Reputation: 137
I have a __host__ __device__
function which is a wrapper that calls into "sort" function of the thrust library. Inside this wrapper, I am using the __CUDA_ARCH__
flag to set the execution policy to "thrust::device" when called from host and "thrust::seq" when called from device. The following piece of code generates a runtime error -
#ifndef __CUDA_ARCH__
thrust::stable_sort(thrust::device, data, data + num, customGreater<T>());
#else
thrust::stable_sort(thrust::seq, data, data + num, customGreater<T>());
#endif
The error is-
Unexpected Standard exception: What() is:merge_sort: failed on 2nd step: invalid device function
As per my understanding, CUDA_ARCH can be used for conditional compilation. I request for help in understanding why this error is thrown.
Upvotes: 1
Views: 547
Reputation: 486
Unfortunately, we can't fix this in Thrust. The trouble here is that the NVCC compiler needs to see all __global__
function template instantiations during host compilation (e.g. when __CUDA_ARCH__
is not defined), otherwise the kernels will be treated as unused and discarded. See this CUB GitHub issue for more details.
As Robert suggested, a workaround such as this should be fine:
#include <iostream>
#include <thrust/sort.h>
#include <thrust/execution_policy.h>
template <typename T>
struct customGreater {
__host__ __device__ bool operator()(T &t1, T &t2){
return (t1 > t2);}
};
#if defined(__CUDA_ARCH__)
#define DEVICE_COMPILATION 1
#else
#define DEVICE_COMPILATION 0
#endif
template <typename T>
__host__ __device__
void my_sort(T *data, size_t num){
if (DEVICE_COMPILATION)
thrust::stable_sort(thrust::device, data, data + num, customGreater<T>());
else
thrust::stable_sort(thrust::seq, data, data + num, customGreater<T>());
}
template <typename T>
__global__ void my_dev_sort(T *data, size_t num){
my_sort(data, num);
}
typedef int mytype;
const size_t sz = 10;
int main(){
mytype *d_data;
cudaMallocManaged(&d_data, sz*sizeof(mytype));
cudaMemset(d_data, 0, sz*sizeof(mytype));
my_sort(d_data, sz);
my_dev_sort<<<1,1>>>(d_data, sz);
cudaFree(d_data);
cudaDeviceSynchronize();
}
Upvotes: 3
Reputation: 151869
It seems you are stepping on this issue. In a nutshell, thrust uses CUB functionality under the hood for certain algorithms (including sort). Your use of __CUDA_ARCH__
macro in your code, which wraps around thrust algorithm calls that use CUB, is interfering with CUB code that expects to be able to use this macro for all paths.
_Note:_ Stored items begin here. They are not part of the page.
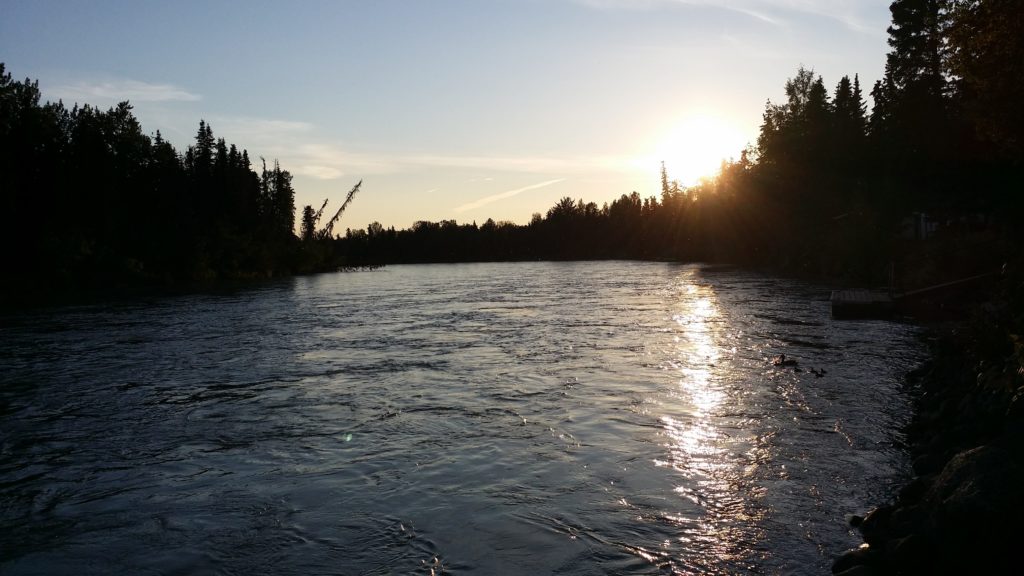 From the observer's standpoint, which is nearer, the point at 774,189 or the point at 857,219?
the point at 857,219

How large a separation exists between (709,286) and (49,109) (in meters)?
77.5

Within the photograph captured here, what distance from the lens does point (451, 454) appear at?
12180 millimetres

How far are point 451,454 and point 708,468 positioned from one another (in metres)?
4.35

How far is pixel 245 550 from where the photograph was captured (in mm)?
8523

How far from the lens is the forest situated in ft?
102

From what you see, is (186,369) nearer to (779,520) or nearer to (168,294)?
(779,520)

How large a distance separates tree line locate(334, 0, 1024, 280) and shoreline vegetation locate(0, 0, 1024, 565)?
0.46 feet

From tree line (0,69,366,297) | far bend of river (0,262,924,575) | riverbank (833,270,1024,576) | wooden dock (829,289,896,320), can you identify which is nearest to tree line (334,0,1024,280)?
wooden dock (829,289,896,320)

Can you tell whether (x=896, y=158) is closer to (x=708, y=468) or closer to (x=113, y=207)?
(x=708, y=468)

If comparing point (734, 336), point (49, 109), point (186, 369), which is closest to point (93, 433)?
point (186, 369)

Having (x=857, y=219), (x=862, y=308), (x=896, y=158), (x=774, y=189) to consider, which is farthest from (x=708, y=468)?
(x=774, y=189)

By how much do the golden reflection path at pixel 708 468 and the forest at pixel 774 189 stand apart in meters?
13.1

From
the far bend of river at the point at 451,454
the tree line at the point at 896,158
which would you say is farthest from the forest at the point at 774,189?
the far bend of river at the point at 451,454

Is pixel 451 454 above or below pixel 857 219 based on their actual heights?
below
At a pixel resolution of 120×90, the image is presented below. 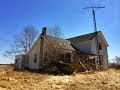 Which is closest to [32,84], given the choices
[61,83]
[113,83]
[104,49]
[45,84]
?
[45,84]

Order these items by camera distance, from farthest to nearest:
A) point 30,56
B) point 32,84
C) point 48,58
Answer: point 30,56
point 48,58
point 32,84

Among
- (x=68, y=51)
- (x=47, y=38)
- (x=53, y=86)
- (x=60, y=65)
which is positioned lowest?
(x=53, y=86)

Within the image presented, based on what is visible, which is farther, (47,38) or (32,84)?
(47,38)

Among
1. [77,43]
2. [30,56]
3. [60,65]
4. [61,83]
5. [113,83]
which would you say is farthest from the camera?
[77,43]

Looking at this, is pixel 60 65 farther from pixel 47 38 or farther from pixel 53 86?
pixel 53 86

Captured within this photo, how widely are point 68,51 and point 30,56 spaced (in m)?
6.84

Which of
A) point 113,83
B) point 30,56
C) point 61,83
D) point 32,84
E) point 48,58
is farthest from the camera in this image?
point 30,56

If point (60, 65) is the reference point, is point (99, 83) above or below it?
below

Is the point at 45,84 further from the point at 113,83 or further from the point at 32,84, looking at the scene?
the point at 113,83

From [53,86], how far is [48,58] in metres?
15.8

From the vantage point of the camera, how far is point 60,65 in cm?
2577

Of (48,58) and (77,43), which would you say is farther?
(77,43)

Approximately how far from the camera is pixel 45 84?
15203mm

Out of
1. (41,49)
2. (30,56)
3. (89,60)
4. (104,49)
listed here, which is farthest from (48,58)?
(104,49) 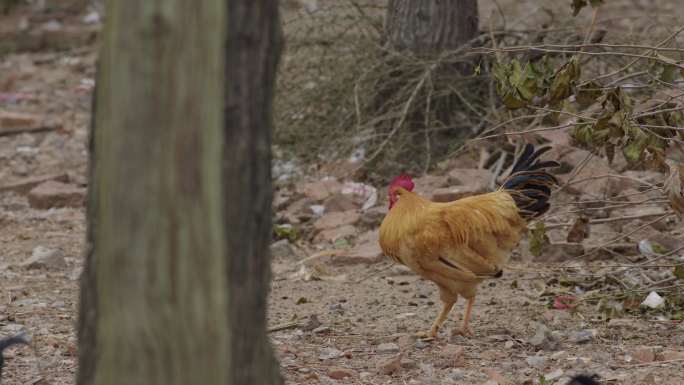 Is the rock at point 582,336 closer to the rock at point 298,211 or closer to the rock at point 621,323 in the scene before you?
the rock at point 621,323

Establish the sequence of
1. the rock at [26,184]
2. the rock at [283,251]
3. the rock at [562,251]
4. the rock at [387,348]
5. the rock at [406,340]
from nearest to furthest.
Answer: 1. the rock at [387,348]
2. the rock at [406,340]
3. the rock at [562,251]
4. the rock at [283,251]
5. the rock at [26,184]

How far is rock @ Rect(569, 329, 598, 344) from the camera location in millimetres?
5117

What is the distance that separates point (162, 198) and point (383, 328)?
315 centimetres

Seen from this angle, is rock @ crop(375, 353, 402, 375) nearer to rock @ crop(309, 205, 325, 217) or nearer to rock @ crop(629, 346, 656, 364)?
rock @ crop(629, 346, 656, 364)

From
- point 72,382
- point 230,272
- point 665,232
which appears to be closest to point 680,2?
point 665,232

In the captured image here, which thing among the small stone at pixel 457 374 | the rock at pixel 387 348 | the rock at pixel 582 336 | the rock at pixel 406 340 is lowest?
the rock at pixel 406 340

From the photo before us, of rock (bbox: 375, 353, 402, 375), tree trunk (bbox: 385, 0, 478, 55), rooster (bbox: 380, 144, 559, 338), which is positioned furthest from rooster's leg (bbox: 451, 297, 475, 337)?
tree trunk (bbox: 385, 0, 478, 55)

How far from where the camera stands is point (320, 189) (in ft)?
26.7

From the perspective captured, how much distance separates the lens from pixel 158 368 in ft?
8.29

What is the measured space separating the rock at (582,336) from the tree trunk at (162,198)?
2947 mm

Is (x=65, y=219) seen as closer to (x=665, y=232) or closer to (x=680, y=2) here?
(x=665, y=232)

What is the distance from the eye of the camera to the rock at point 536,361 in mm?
4758

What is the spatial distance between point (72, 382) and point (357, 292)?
7.51 feet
A possible workaround is to do "your own dispatch":
$ cat t142.cu
#include <iostream>
#include <thrust/sort.h>
#include <thrust/execution_policy.h>
template <typename T>
struct customGreater {
__host__ __device__ bool operator()(T &t1, T &t2){
return (t1 > t2);}
};
template <typename T>
__host__ __device__
void my_sort_wrapper(T *data, size_t num){
int hostdev = 0; // 0=device code
#ifndef __CUDA_ARCH__
hostdev = 1; // 1=host code
#endif
if (hostdev == 0) thrust::stable_sort(thrust::seq, data, data + num, customGreater<T>());
else thrust::stable_sort(thrust::device, data, data + num, customGreater<T>());
}
template <typename T>
__global__ void my_dev_sort(T *data, size_t num){
my_sort_wrapper(data, num);
}
typedef int mytype;
const size_t sz = 10;
int main(){
mytype *d_data;
cudaMalloc(&d_data, sz*sizeof(mytype));
cudaMemset(d_data, 0, sz*sizeof(mytype));
my_sort_wrapper(d_data, sz);
my_dev_sort<<<1,1>>>(d_data, sz);
cudaDeviceSynchronize();
}
$ nvcc t142.cu -o t142
$ cuda-memcheck ./t142
========= CUDA-MEMCHECK
========= ERROR SUMMARY: 0 errors
$
With this realization, the use of the __CUDA_ARCH__
macro does not perturb the compilation of the thrust algorithms.
Another possible workaround is simply to use thrust::device
policy for both cases (no dispatch - just the thrust algorithm call). Except in the case of CUDA Dynamic Parallelism, thrust::device
will "decay" to thrust::seq
when used in device code.
I would expect that these suggestions would only be necessary/relevant when the thrust algorithm uses CUB functionality in the underlying implementation.
If you don't like this behavior, you could file a thrust issue.
Upvotes: 3